Marina Bay, Singapore

I took Singapore’s subway, the MRT from my hostel in Chinatown to Bayfront. It let’s you out right inside the famous Marina Bay Sands hotel. Of course, I took the wrong exit though, and ended up across the street in the gardens.

I took the skywalk back across the street to the sands and was greeted by it’s expansive high-end shopping center complete with a canal through the middle of the bottom floor.

Everything in this part of town is architecturally stunning. Large window, lots of natural light and huge arching ceilings.

I walk around for a bit, getting lost in the expansive shopping center until I get hungry and look for the food court. It’s yet another hawker center, with very reasonable prices, especially considering Louis Vuitton is just a few steps away. I order pork satay. I’m not a huge fan of the peanut dipping sauce it comes with, but the meat is delicious.

The Entrance to the Food Court

From there, I go to the Art Science Museum. Definitely the most worth while ticket I bought. I got an all access student ticket for about $23.

The first exhibit is light and projection based and clearly targeted for kids. Butterflies and flowers dance over the floors and walls.

Deeper into the exhibit there are animal coloring sheets. Once you’re done, your animal appears, walking or flying around the floor. It works as an ecosystem… Aligators eat Birds who eat Lizards. If your animal eats enough prey, it multiplies. If you step on the animal, it splatters and dies. There was a create your own hopscotch course, and an absolutely stunning mirrored room where you walk through strings of LEDs programmed to simulate Cosmic events like super novas and gravity waves. It wasn’t clear which phenomenon I was seeing, but it was damn pretty.

Next up was a beautiful exhibit on Richard Feynman. I really enjoyed videos of his lectures. My electromagnetics teacher, Prof. Goldhar has been telling me to watch those for a while. I’ll probably get on that now.

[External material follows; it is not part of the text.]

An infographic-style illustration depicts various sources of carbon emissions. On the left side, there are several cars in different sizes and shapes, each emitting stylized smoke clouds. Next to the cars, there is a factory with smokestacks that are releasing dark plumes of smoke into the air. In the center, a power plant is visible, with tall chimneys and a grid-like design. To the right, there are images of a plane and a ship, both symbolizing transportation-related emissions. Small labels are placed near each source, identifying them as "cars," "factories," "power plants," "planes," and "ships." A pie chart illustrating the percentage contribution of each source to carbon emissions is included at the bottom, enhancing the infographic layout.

Finally was an art exhibit on minimalism. I’m not a huge art person, I just don’t really understand it, but there were some cool pieces including a maze made of sheets of colored celophane and a motorized sand circle that drew perfectly spaced lines only to erase them 30 seconds later.

The building itself is also gorgeous, I thought it looked like a flower, but according to a plaque, it’s also designed to look like Buddha’s hand. It clearly blends in with the rest of central Singapore’s utopian architecture.

After the art museum I went to the dome gardens In Singapore’s Gardens by the Bay. The flower dome and the cloud forest were full of stunning natural beauty and blessedly air-conditioned. I took way too many flower pictures to put here, but enjoy a selection in the “Flowers by the Bay” post.

Hungry again, I try to find the hawker center. On my way I run into a dozen otters, eating fish in the bay and scurrying across the road into the gardens. A few steps later, two huge blue tongued lizards amble down the road like they’re on an afternoon stroll. There was something jarring about seeing wildlife so confidently coexisting. In this place, that is so pristine and built to run so efficiently for humans, I had forgotten about the animals, but they seemed to be doing just fine.

Finally arriving at the food court, I order sugar cane juice with lemon, and fried dumplings. Pro tip: freshly cooked food is hot! Also, you’re not supposed to shove a dumpling into your mouth all at once. But it smelled so good and I was starving, so can you really blame me?

By this point, the sun is starting to set, so I wander into the gardens to find a good spot to watch the tree light show. The gardens are as beautiful as everything else here, and I take my time finding the tree grotto. I’m about 45 minutes early for the light show, but the place is starting to fill up with people, so I stake out a spot and read my book while I wait.

The day gets cooler as the sun sets, and the light show was beautiful. It gave me goosebumps.

In that moment Singapore really did feel like Disney World the way people had told me it would.